When these two meet, they are adults. He’s a self-made rich guy whose fortune comes with a few unflattering nicknames and rumors about all kinds of ghastly behavior. Griffin was fine with the rumors until he realized that the woman he’d wanted to marry since he was a teenage boy believes these rumors and considers him an unsuitable candidate for marriage. He comes to Morrow Creek to lick his wounds and generally get drunk… well, drunker than he usually is.
Olivia has successfully become the exemplary daughter and the epitome of beauty. Her face, on the labels of several beauty products, made those products a hit among ladies and earned her the devotion and affection of many men. She refuses to consider them even a little, as she feels that they want the beautiful woman in the label, not the real her. She wants to be herself, but she can’t, as she is also trapped by her desire to make everyone around her happy.
When Griff announces that, as the biggest shareholder of the hotel managed by Olivia’s father, he’s taking over things, Olivia decides that it’s up to her to be nice to Griff, show him around Marrow Creek, and get him to love the place and see its potential to become a booming town one day. That way, he’d not lay off the staff or fire his father. These people whose livelihoods may be in jeopardy, of course, can’t – or in the case of Olivia’s father – or are conveniently too incompetent to help themselves, and it’s up to the town sweetheart to save the day.
The whole martyr thing may sound awful on paper, but Olivia turns out to be a pretty likable heroine, if a little lacking in common sense at times. Then again, if she’s willing to do so much for other people, it’s given that she’s lacking in the common sense department. She and Griffin have some decent chemistry, and the story could have been fun if not for one big problem: the hero.
On paper, Griffin sounds like the bad boy to remember. Horrible childhood, misunderstood by all but the heroine, brooding and defiant yet vulnerable all at once… many authors have created intoxicating heroes using these ingredients. However, there is also a fine line separating broody tortured bad boys and whiny emo crybabies, and Griffin crosses the line early on and lands squarely on the crap side when he just won’t stop whining about the same things again and again and again until the last few pages of this story. Yes, he has a horrible mother, and people stare at him when he walks past, but come on, he has lots of money so it’s not like he’s the most unlucky bastard in the world. Worse, he often rejects Olivia – for her own good, naturally – after having his fun with her, so there is a self-serving aspect, at the heroine’s expense, in all his pathetic self-flagellation. I mean, if he thinks she’s too good for him, he could at least keep his willie away from her, right? No, it’s bop her and then drop her – nice.

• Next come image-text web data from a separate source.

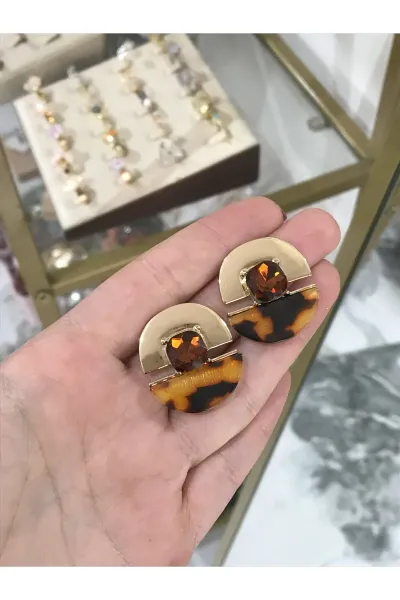 Kahve Taş Detaylı Leopar Küpe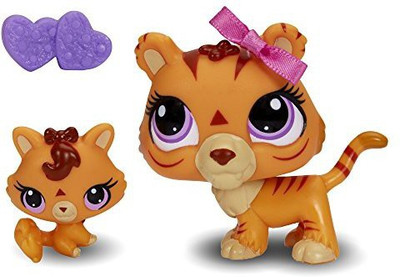 

Littlest Pet Shop Polybag Sharks(Multicolor)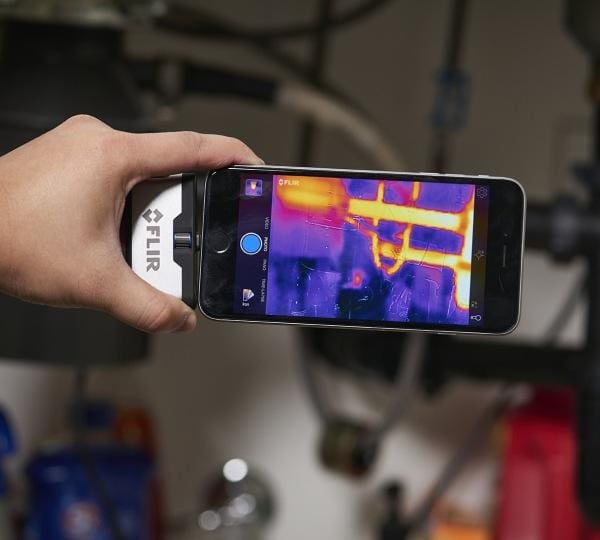 Article image of: Derde generatie Flir one-warmtebeeldcamera’s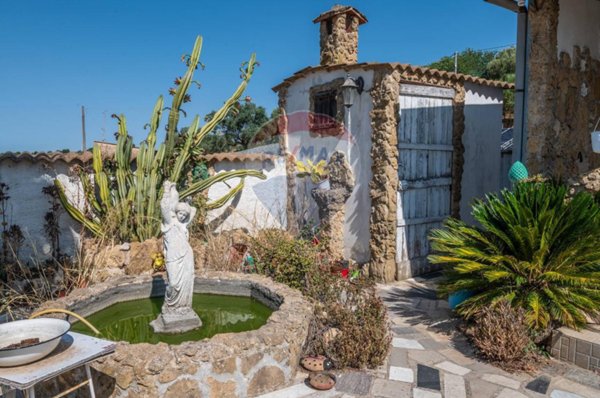 casa indipendente in vendita a Grammichele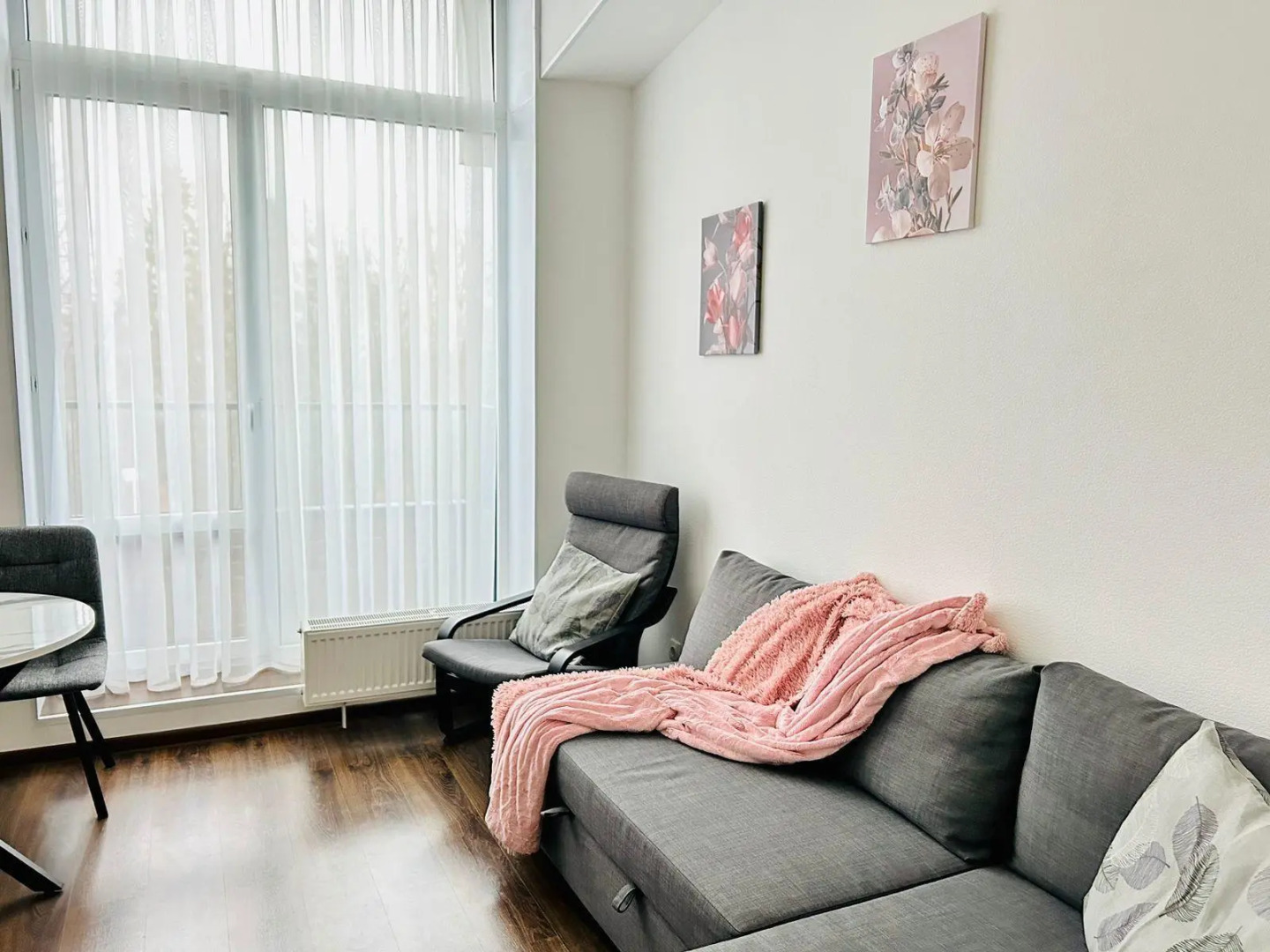 Апартаменты на аллее Тулонская 10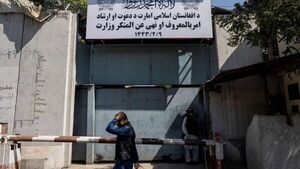 Los talibanes impiden estudiar a las niñas en Afganistán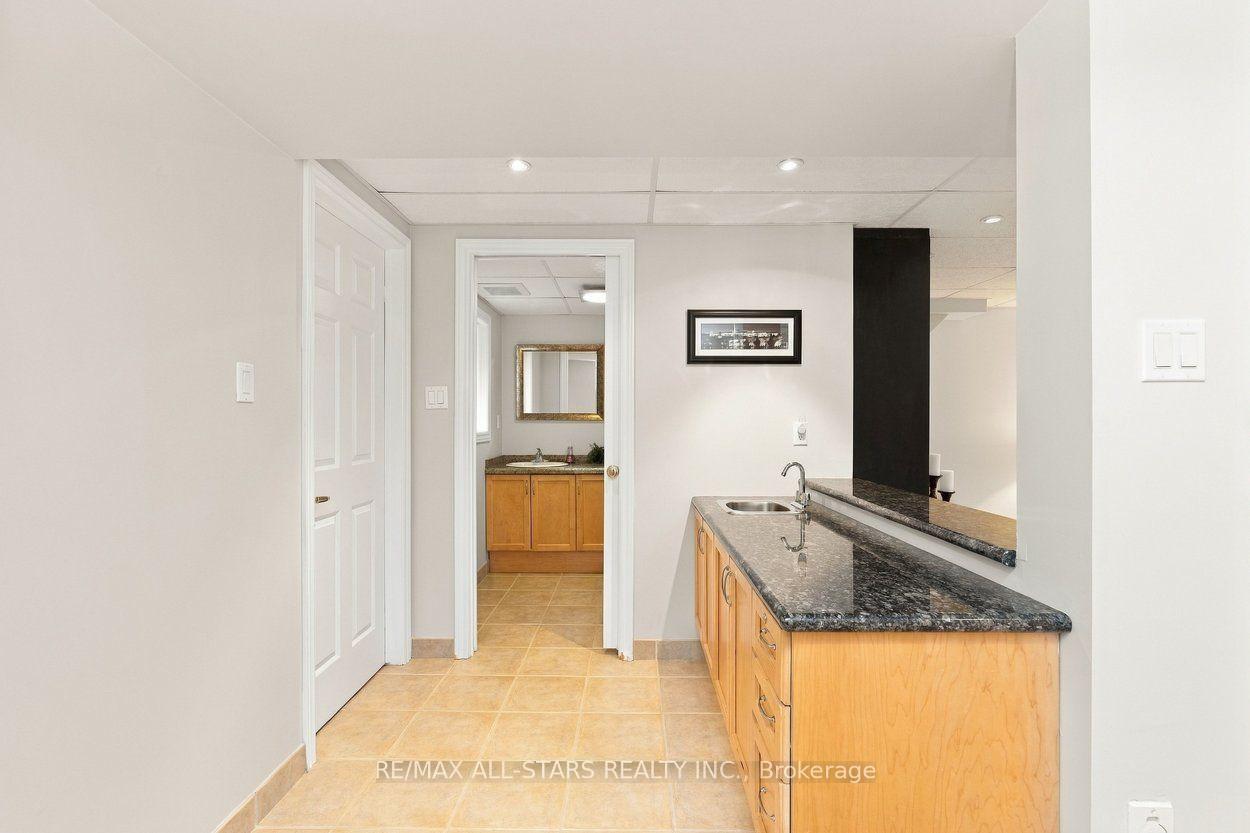 Photo 102 of 39 Louisbourg Way, Markham, Greensborough — HOMEH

Also, the length of his incessant whining ends up making Griffin more pathetic than tragic-heroic. Hearing him bring up his mother for the who-knows-how-many times makes me throw up my hands and exclaim, “Oh, just go kill her with an ax, embalm her, and start wearing her dresses already!”
So, yes, this one could have been a fun story of a heroine helping a hero heal his wounded soul, but the author overplays the hero’s pity party and ends up emasculating him, turning him into the equivalent of that sulky teen who uses the fact that he’s angry at the world to act like the world owes him a big apology. Yucks.